GAM Investments has signalled a new focus on the retail market in Australia in its marketing program for 2018, in particular looking to promote more widely its successful GAM Absolute Return Bond Strategy.
Speaking at a briefing for advisers and investors in Sydney last week, William Morgan, a product specialist at Shed Enterprises, GAM’s Australian distributer, said that the global manager had raised a lot of money from Australian institutional investors over the past few years – more than $3 billion – and his firm would now look to widen the net for advisers and their clients.
“We’re looking at the best way to do that at the moment,” he said. “We’re looking at the appropriate vehicle to take advantage of the strategy’s liquidity.”
The GAM absolute return bond strategy, which totals A$14 billion globally, has been offered in Australia since 2006 and already has ratings from retail agencies but it is the major super funds that have been most attracted to it given the environment for bonds generally.
The strategy is able to make money in both rising and falling markets for bonds. “What we don’t much like is a sideways market,” Morgan said. “This is one of the few funds, in any asset class, which did well in 2008, for instance.”

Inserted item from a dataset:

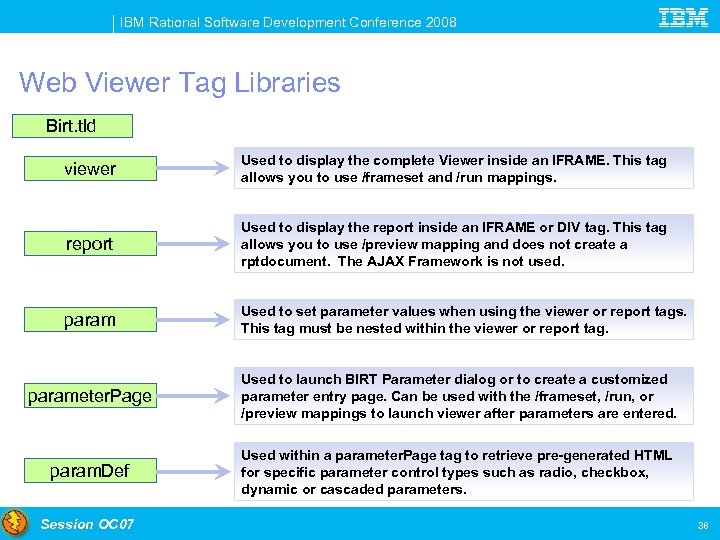 IBM Rational Software Development Conference 2008 Web Viewer Tag Libraries Birt. tld viewer Used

He said the strategy, managed from London, used a variety of tools, probably the most important being protection. It was launched initially as a strategy for European private banking clients, who are notoriously defensive with their wealth.
In the current interest rate environment, with rates likely to rise off their record low base over the next year or two, even a small increase in global inflation, which is considered likely in the new year, could have a dramatic effect on the price of bonds, Morgan said.
This was not a market where investors should be taking beta bets, he said. The GAM strategy was flexible with duration, utilised derivatives to protect capital, and used a wide range of asset sub-classes, tools and techniques, Morgan said.
The asset sub-classes included bonds from developed governments, investment grade credit, high-yield bonds, emerging market debt, convertible notes and asset-backed securities.
‘Tools’ included futures, forwards, options, swaps and the volatility index. ‘Techniques’ included directional long positions, short positions, relative value strategies, arbitrage, short duration and protection.
Morgan said that of its few current long positions, Mexico, Brazil and South Africa were being helped by monetary policies, but the manager had scaled back its positions recently.
GAM believed that inflation was no longer falling in most of the developed world, he said, placing more upward pressure on yields.